WHAT TO DO — The material below holds a span beginning at the line with "el fondo Dos" and ending at the line with "Silhouette of a". Quote that span exactly, both ends included, and only that span.

━━━━━━━━━━━━━━━━━━━━

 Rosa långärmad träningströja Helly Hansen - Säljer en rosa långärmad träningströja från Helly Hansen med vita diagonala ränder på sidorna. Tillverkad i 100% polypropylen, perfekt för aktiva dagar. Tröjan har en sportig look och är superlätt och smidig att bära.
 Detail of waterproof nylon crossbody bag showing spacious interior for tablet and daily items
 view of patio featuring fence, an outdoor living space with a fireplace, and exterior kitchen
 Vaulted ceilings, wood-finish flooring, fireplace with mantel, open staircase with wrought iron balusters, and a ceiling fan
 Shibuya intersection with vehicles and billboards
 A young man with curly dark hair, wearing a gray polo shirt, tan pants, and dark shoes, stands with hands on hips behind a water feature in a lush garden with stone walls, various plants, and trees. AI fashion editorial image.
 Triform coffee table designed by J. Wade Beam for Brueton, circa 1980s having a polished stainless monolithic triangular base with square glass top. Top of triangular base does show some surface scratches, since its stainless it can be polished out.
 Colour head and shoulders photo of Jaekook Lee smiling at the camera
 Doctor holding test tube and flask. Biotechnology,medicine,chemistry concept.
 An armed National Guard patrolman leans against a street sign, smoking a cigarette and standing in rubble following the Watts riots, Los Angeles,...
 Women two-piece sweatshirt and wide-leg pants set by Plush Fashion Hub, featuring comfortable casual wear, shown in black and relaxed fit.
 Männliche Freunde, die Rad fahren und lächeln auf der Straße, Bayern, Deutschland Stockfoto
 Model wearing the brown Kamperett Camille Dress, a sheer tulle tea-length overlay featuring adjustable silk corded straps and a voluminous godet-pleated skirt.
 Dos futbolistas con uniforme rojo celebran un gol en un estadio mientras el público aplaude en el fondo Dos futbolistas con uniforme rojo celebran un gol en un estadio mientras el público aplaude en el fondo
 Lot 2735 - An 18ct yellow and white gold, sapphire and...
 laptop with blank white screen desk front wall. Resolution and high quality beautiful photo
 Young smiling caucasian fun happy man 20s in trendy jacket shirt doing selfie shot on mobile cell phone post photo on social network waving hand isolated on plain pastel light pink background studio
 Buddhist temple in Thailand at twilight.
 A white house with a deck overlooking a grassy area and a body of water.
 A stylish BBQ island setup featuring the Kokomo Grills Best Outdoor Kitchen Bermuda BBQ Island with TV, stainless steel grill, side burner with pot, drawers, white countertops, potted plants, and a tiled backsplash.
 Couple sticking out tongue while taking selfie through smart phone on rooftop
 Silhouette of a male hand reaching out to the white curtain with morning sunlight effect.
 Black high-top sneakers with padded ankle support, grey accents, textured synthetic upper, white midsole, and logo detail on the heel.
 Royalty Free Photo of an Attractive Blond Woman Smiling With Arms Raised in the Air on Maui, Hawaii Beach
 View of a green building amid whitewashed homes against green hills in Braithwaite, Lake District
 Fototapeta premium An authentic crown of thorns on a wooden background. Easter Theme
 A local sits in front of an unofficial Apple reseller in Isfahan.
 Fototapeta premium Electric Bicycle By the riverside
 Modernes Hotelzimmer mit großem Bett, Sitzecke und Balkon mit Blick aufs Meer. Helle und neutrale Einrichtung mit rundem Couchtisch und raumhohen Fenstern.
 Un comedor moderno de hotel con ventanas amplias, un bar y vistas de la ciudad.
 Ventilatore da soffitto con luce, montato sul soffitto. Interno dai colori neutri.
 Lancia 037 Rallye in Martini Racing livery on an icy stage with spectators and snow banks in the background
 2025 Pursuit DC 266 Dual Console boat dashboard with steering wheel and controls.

━━━━━━━━━━━━━━━━━━━━

RESULT —
 Dos futbolistas con uniforme rojo celebran un gol en un estadio mientras el público aplaude en el fondo Dos futbolistas con uniforme rojo celebran un gol en un estadio mientras el público aplaude en el fondo
 Lot 2735 - An 18ct yellow and white gold, sapphire and...
 laptop with blank white screen desk front wall. Resolution and high quality beautiful photo
 Young smiling caucasian fun happy man 20s in trendy jacket shirt doing selfie shot on mobile cell phone post photo on social network waving hand isolated on plain pastel light pink background studio
 Buddhist temple in Thailand at twilight.
 A white house with a deck overlooking a grassy area and a body of water.
 A stylish BBQ island setup featuring the Kokomo Grills Best Outdoor Kitchen Bermuda BBQ Island with TV, stainless steel grill, side burner with pot, drawers, white countertops, potted plants, and a tiled backsplash.
 Couple sticking out tongue while taking selfie through smart phone on rooftop
 Silhouette of a male hand reaching out to the white curtain with morning sunlight effect.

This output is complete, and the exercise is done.